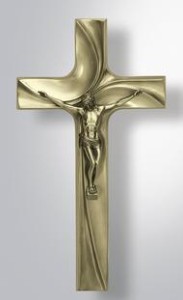 PILLA  KRZYŻ   1336/C/40      h - 40 cm          
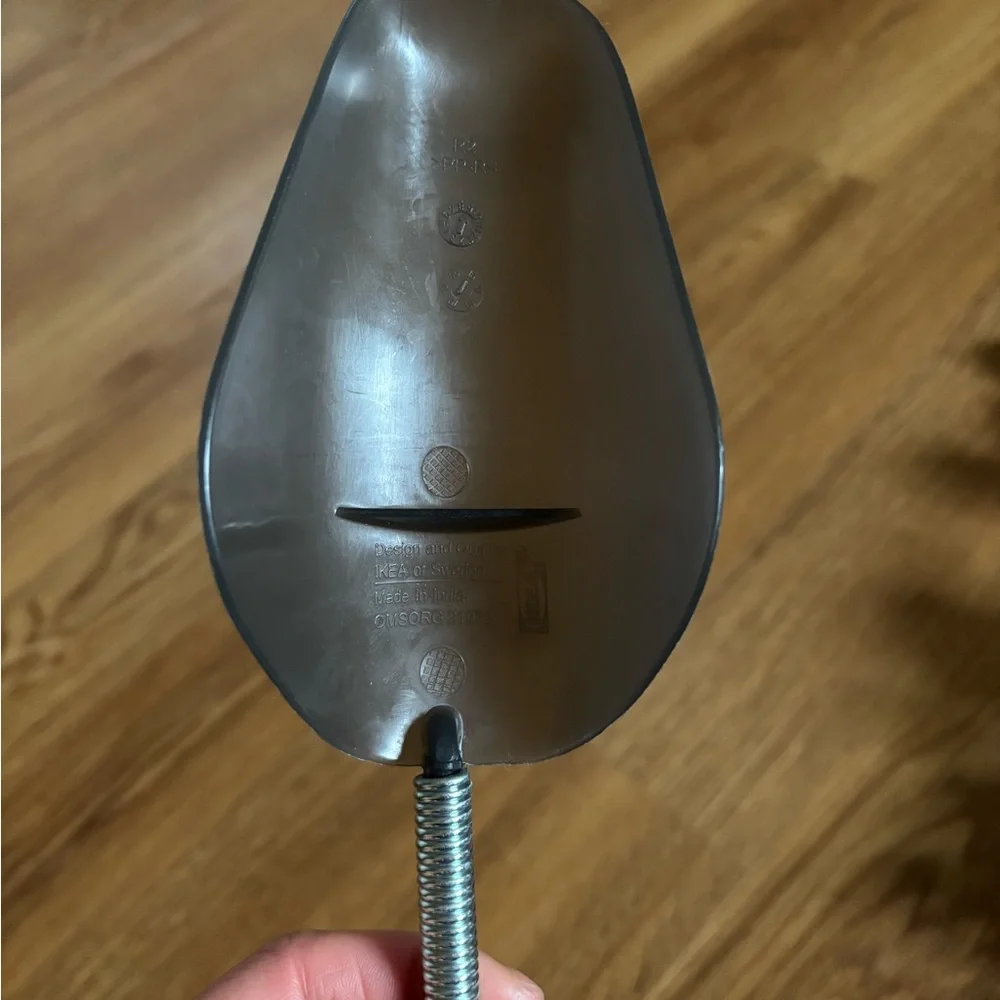 IKEA shoe stretchers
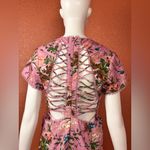 Unbranded Whimsical Sexy Floral Pink Lace Photo 9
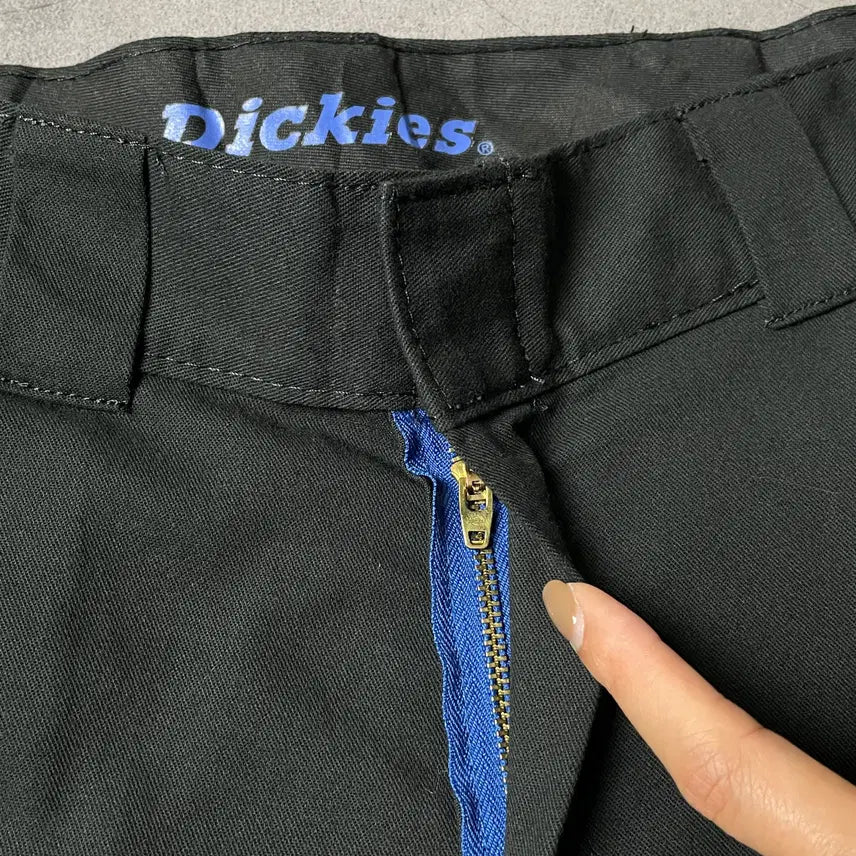 [BUNJANG] Dickies FLEX Vintage Black Work Pants A00954 / DICKIES 디키즈 FLEX 빈티지 블랙 워크 팬츠 A00954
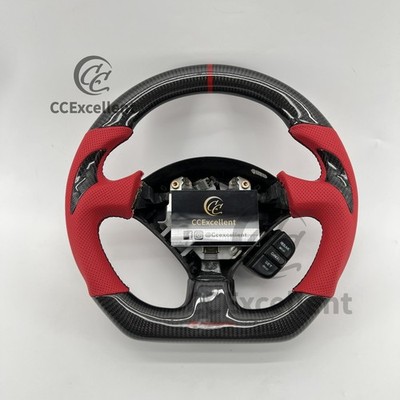 CCExcellent For Honda S2000 S2K Acura RSX Custom Carbon Fiber Steering Wheel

++++

**Work to complete:**
An exact copy is needed of every line from the line containing "IKEA shoe stretchers" to the last line of the records; pictures stay out of it.

**Exercise answer:**
 IKEA shoe stretchers
 Unbranded Whimsical Sexy Floral Pink Lace Photo 9
 [BUNJANG] Dickies FLEX Vintage Black Work Pants A00954 / DICKIES 디키즈 FLEX 빈티지 블랙 워크 팬츠 A00954
 CCExcellent For Honda S2000 S2K Acura RSX Custom Carbon Fiber Steering Wheel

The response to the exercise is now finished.